▶ _Exercise data_

Segment Open

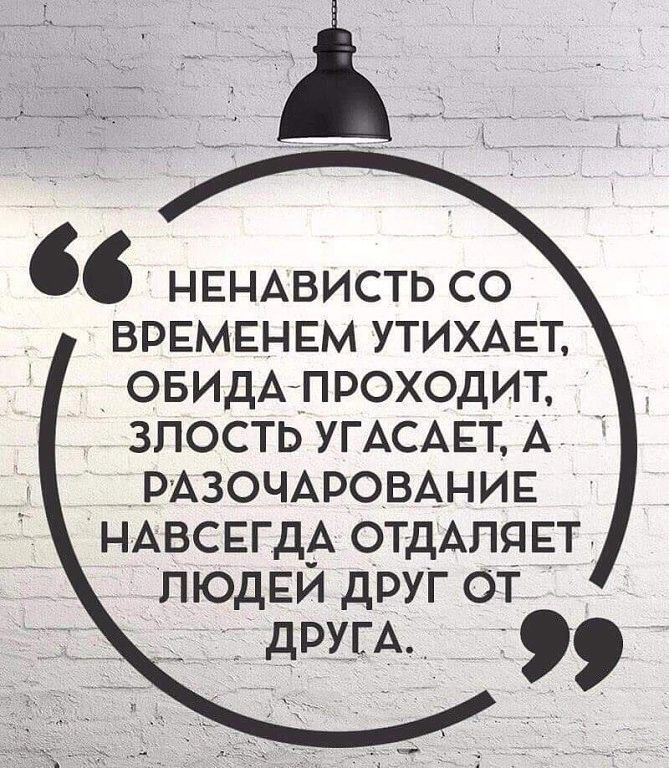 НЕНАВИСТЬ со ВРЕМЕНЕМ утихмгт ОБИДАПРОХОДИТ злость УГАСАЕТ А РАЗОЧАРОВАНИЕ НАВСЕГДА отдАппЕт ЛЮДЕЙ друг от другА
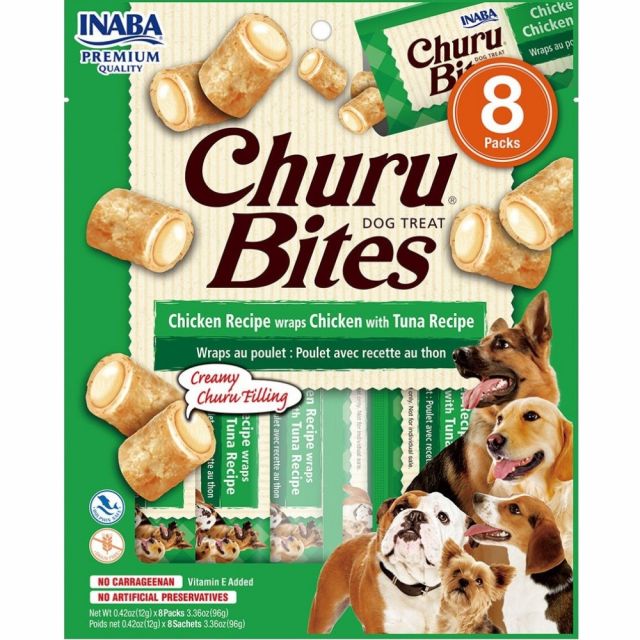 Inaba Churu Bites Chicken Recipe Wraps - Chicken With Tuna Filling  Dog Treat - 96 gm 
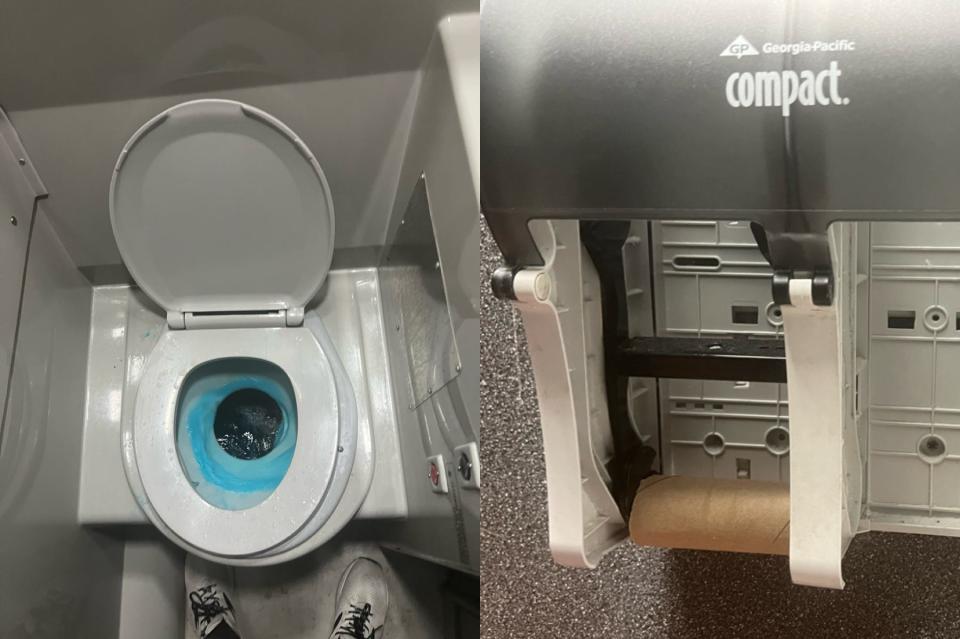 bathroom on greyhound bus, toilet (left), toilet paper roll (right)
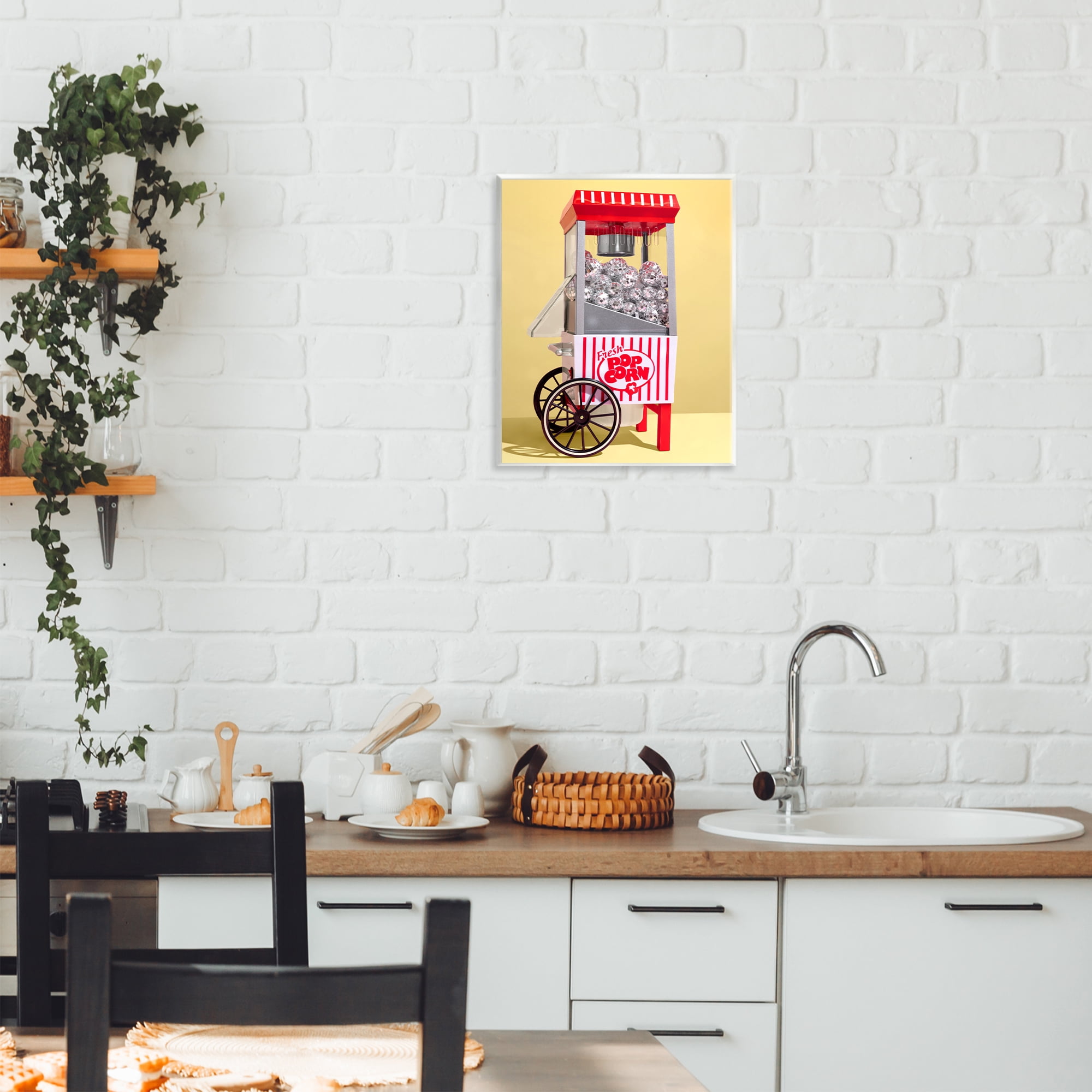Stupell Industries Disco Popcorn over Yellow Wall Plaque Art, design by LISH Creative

Segment Closed
Segment Open

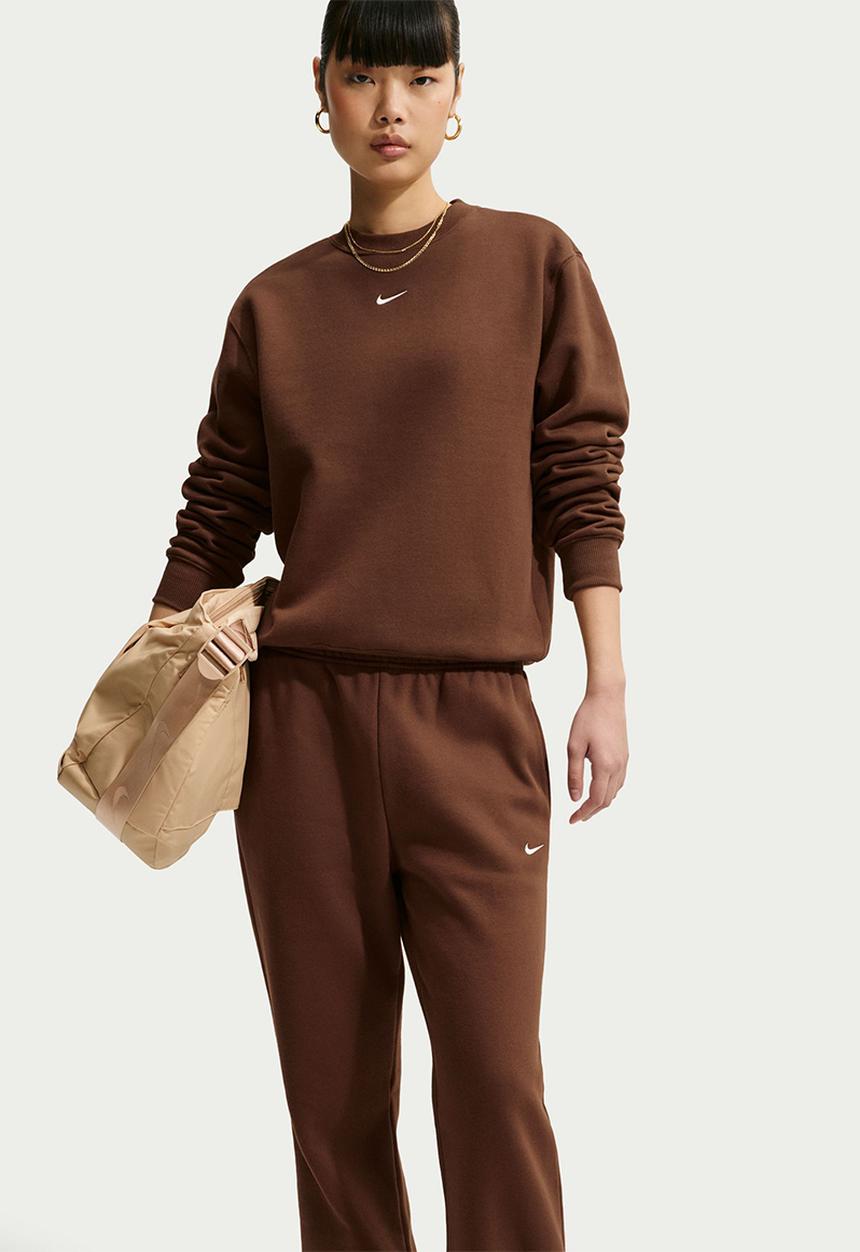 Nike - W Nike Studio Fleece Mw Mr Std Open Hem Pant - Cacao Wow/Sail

Segment Closed

▶ _What you need to do_
Everything above from the line containing "НЕНАВИСТЬ со ВРЕМЕНЕМ" down to the line containing "bathroom on greyhound" is to be duplicated exactly, both lines included, and the pictures are to be omitted.

▶ _Answer section_
 НЕНАВИСТЬ со ВРЕМЕНЕМ утихмгт ОБИДАПРОХОДИТ злость УГАСАЕТ А РАЗОЧАРОВАНИЕ НАВСЕГДА отдАппЕт ЛЮДЕЙ друг от другА
 Inaba Churu Bites Chicken Recipe Wraps - Chicken With Tuna Filling  Dog Treat - 96 gm 
 bathroom on greyhound bus, toilet (left), toilet paper roll (right)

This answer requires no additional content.